Казался проблеском во тьме
лишь Уистлера вихор,
Мужчины, как берет с пером,
носили свой позор.
Как осень, чахла жизнь, а смерть
жужжала, как комар;
Воистину был этот мир
непоправимо стар.
Они сумели исказить
и самый скромный грех,
Честь оказалась не в чести, -
но, к счастью, не для всех.
Пусть были мы глупы, слабы
перед напором тьмы -
Но черному Ваалу
не поклонились мы,
Ребячеством увлечены,
мы строили с тобой
Валы и башни из песка,
чтоб задержать прибой.
Мы скоморошили вовсю
и, видно, неспроста:
Когда молчат колокола,
звенит колпак шута.
Но мы сражались не одни,
подняв на башне флаг,
Гиганты брезжили меж туч
и разгоняли мрак.
Я вновь беру заветный том,
я слышу дальний зов,
Летящий с Поманока
бурливых берегов;
"Зеленая гвоздика
увяла вмиг, увы! -
Когда пронесся ураган
над листьями травы;
И благодатно и свежо,
как в дождь синичья трель,
Песнь Тузиталы разнеслась
за тридевять земель.
Так в сумерках синичья трель
звенит издалека,
В которой правда и мечта,
отрада и тоска.
Мы были юны, и Господь
еще сподобил нас
Узреть Республики триумф
и обновленья час,
И обретенный Град Души,
в котором рабства нет, -
Блаженны те, что в темноте
уверовали в свет.
То повесть миновавших дней;
лишь ты поймешь один,
Какой зиял пред нами ад,
таивший яд и сплин,
Каких он идолов рождал,
давно разбитых в прах,
Какие дьяволы на нас
нагнать хотели страх.
Кто это знает, как не ты,
кто так меня поймет?
Горяч был наших споров пыл,
тяжел сомнений гнет.
Сомненья гнали нас во тьму
по улицам ночным;
И лишь с рассветом в головах
рассеивался дым.
Мы, слава Богу, наконец
пришли к простым вещам,
Пустили корни - и стареть
уже не страшно нам.
Есть вера в жизни, есть семья,
привычные труды;
Нам есть о чем потолковать,
но спорить нет нужды.
Перевод Г. М. Кружкова.

Владимир Скрипка   23.12.2003 05:21   Заявить о нарушении
В начале 20-х годов шла в Камерном Театре у Таирова переделка той же пьесы, сделанная гениальным человеком - Сигизмундом Кржижановским (сейчас вышли три тома его собрания сочинений, "Человек...", кажется, будет в четвертом).
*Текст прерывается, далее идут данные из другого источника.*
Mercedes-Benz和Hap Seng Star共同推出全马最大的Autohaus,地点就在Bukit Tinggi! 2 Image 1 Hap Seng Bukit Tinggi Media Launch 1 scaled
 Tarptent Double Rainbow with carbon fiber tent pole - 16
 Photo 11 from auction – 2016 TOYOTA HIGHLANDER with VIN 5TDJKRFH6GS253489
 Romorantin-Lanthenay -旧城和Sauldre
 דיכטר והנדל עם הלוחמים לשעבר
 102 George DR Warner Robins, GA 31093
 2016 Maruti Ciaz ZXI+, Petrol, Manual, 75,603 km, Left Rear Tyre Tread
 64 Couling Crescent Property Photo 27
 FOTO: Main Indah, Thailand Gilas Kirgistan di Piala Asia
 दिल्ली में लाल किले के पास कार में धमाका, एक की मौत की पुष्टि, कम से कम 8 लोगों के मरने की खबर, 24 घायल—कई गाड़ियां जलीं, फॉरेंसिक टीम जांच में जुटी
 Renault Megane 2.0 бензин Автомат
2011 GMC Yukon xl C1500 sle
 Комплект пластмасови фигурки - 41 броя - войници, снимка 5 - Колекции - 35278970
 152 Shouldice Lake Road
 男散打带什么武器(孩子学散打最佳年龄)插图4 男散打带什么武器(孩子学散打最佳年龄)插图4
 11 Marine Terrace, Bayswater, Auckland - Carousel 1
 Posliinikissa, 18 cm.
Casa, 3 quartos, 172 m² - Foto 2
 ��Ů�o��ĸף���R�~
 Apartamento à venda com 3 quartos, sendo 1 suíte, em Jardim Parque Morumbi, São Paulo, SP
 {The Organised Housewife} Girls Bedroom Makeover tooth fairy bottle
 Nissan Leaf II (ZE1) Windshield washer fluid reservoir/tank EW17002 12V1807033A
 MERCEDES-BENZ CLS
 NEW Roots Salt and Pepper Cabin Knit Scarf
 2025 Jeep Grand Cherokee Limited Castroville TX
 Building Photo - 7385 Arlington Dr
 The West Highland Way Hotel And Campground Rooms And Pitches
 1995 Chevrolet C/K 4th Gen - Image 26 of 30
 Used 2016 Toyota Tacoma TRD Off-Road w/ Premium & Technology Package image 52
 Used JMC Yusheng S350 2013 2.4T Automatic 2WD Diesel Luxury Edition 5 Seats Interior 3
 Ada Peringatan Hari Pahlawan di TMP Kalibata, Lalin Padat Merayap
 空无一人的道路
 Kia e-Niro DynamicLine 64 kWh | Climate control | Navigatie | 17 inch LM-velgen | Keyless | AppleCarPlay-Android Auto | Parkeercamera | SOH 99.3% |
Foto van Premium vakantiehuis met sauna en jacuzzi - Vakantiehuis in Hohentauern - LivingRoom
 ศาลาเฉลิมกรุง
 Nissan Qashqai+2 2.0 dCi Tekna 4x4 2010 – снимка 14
Что Честертон гений, это вроде как черную икру похвалить...
Перевод Кружкова не единственный, есть еще с десяток, вообще Эдгар По уже даже слишком много переводился на русский. Но с этими разговорами лучше на форум "Века перевода", а то мы тут всех уморим специальными темами.
Стихи мы достанем любые: для зарегистрированных есть "Члены Парламента", которые обеспечивают потребность в иноязычгых текстах.
Словом, вперед.
Евгений Витковский

Евгений Витковский   23.12.2003 16:12   Заявить о нарушении
Ни шагу назад. На форуме не был – боюсь, что не пойму ничего, слаб в теме. Однако, она мне интересна. О чёрной икре. Знаете, в России есть люди, которые до сих пор её не пробовали. Мне повезло. Челобитную парламентариям передам, спасибо за совет.